*** Opening of RECORDS FOR THE EXERCISE ***

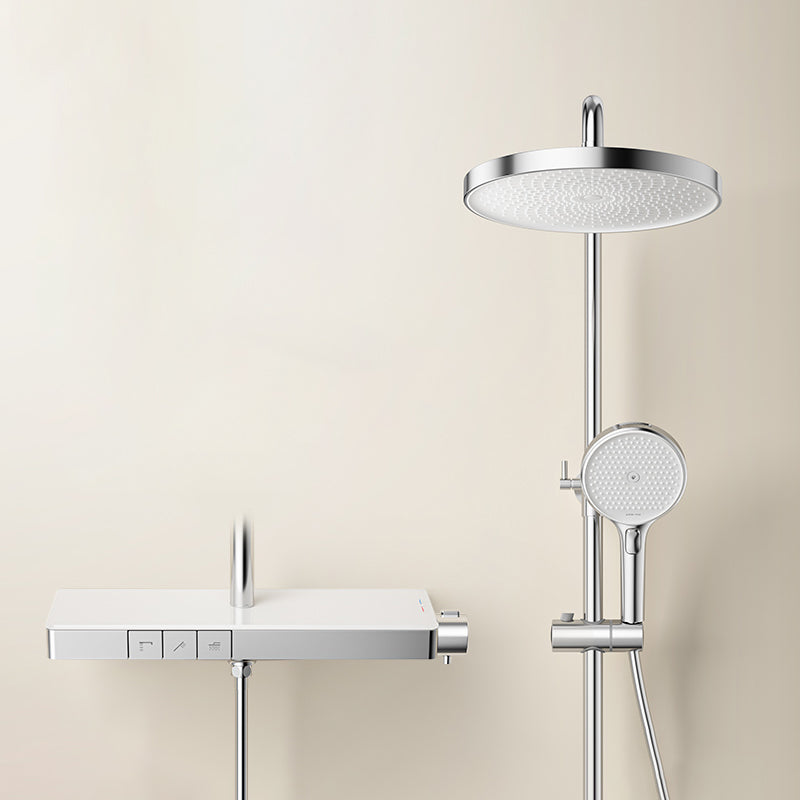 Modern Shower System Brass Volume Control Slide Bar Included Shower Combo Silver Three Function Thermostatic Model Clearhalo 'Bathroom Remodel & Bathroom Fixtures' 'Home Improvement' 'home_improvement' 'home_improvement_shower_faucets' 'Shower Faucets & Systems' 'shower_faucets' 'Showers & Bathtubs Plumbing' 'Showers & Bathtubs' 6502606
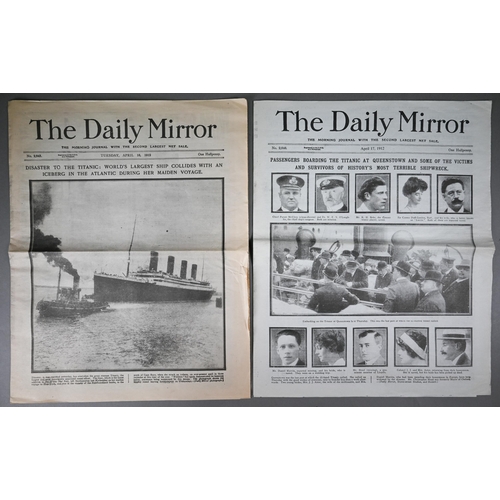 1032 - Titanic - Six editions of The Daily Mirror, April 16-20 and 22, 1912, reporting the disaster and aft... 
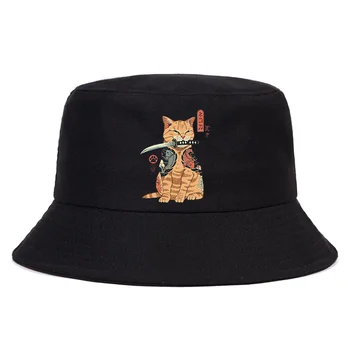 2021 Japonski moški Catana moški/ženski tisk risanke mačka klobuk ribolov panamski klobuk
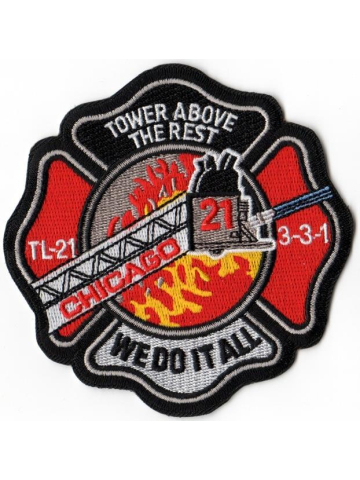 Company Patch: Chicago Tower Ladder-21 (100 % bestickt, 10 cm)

*** Close of RECORDS FOR THE EXERCISE ***
*** Opening of RECORDS FOR THE EXERCISE ***

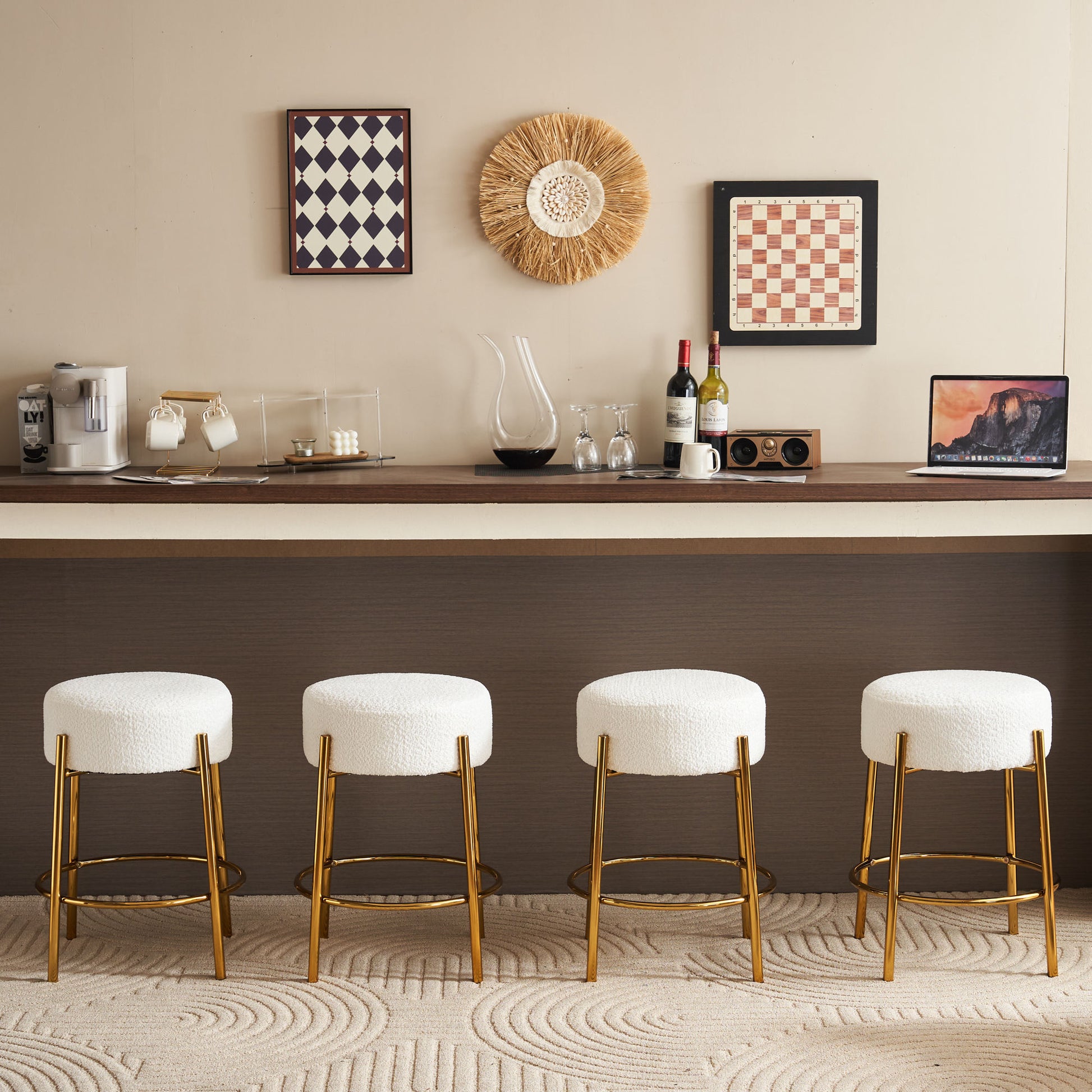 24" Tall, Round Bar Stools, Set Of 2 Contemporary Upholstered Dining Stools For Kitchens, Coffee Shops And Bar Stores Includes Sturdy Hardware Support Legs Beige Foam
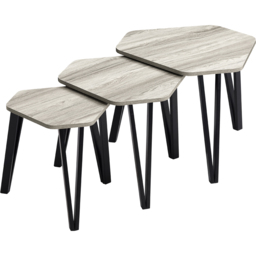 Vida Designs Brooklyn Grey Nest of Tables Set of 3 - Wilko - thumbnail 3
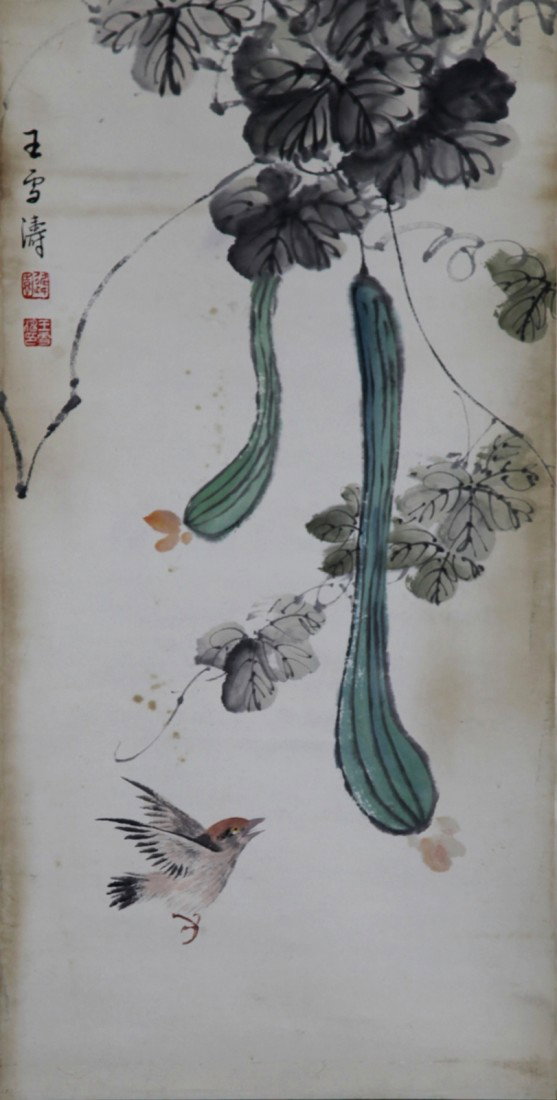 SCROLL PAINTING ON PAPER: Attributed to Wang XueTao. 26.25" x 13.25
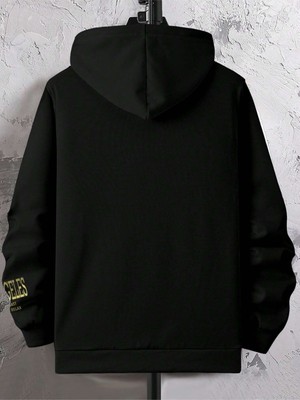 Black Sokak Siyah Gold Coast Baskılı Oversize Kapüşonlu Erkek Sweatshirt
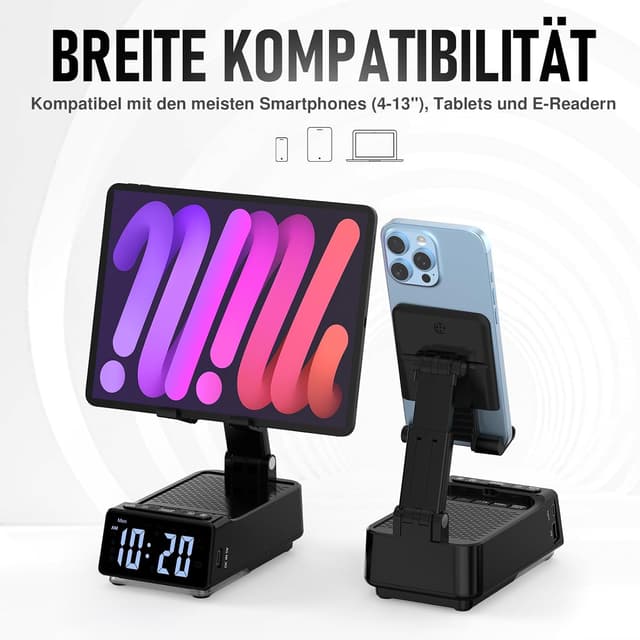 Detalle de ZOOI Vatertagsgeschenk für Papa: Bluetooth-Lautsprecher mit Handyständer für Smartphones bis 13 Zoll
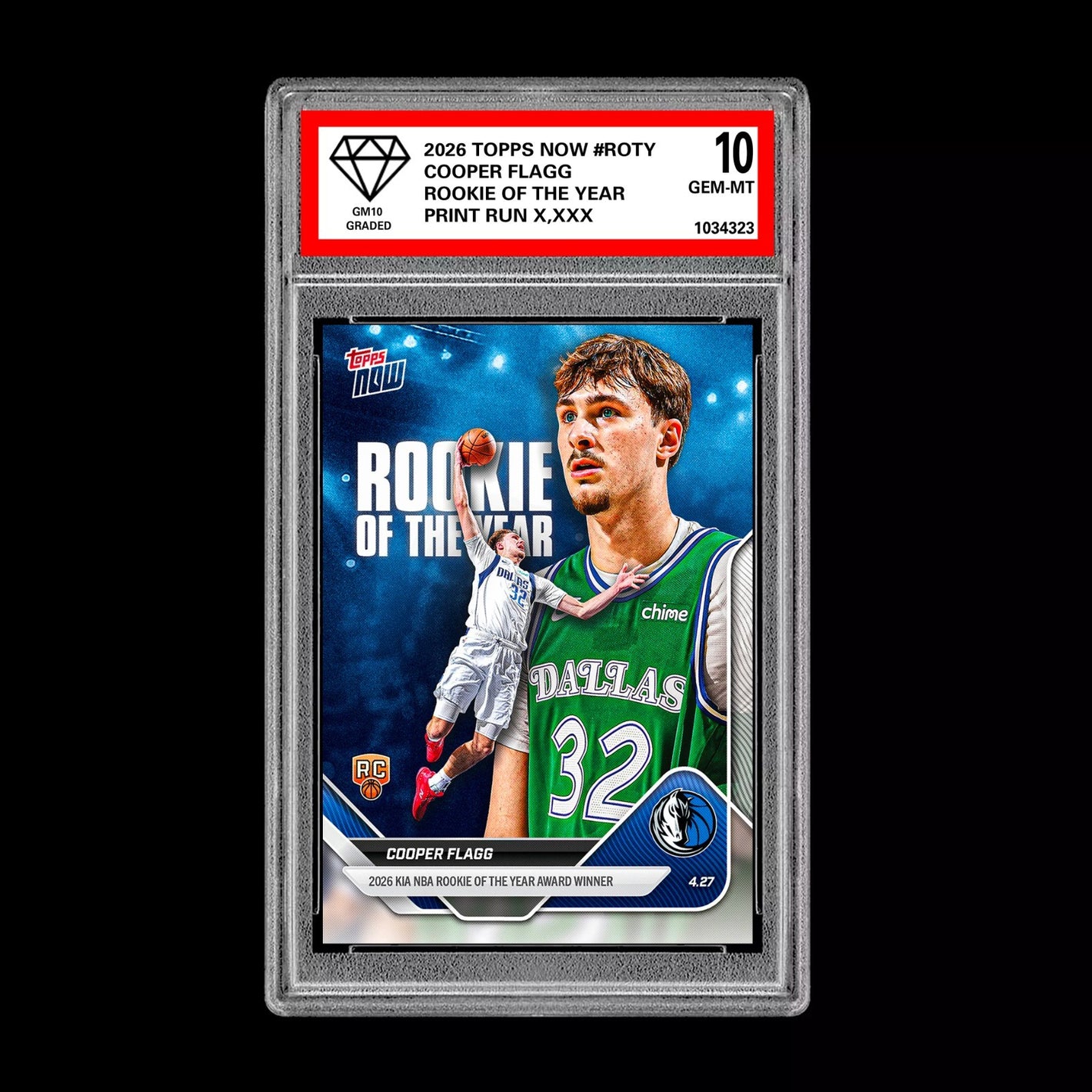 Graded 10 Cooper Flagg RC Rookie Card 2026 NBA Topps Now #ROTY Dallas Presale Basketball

*** Close of RECORDS FOR THE EXERCISE ***

§ TASK DIRECTIONS: Transcribe, word for word, the stretch of lines in the data above from the one with "2021 Japonski moški" through the one with "Company Patch: Chicago"; omit all pictures.

§ ANSWER:
 2021 Japonski moški Catana moški/ženski tisk risanke mačka klobuk ribolov panamski klobuk
 Company Patch: Chicago Tower Ladder-21 (100 % bestickt, 10 cm)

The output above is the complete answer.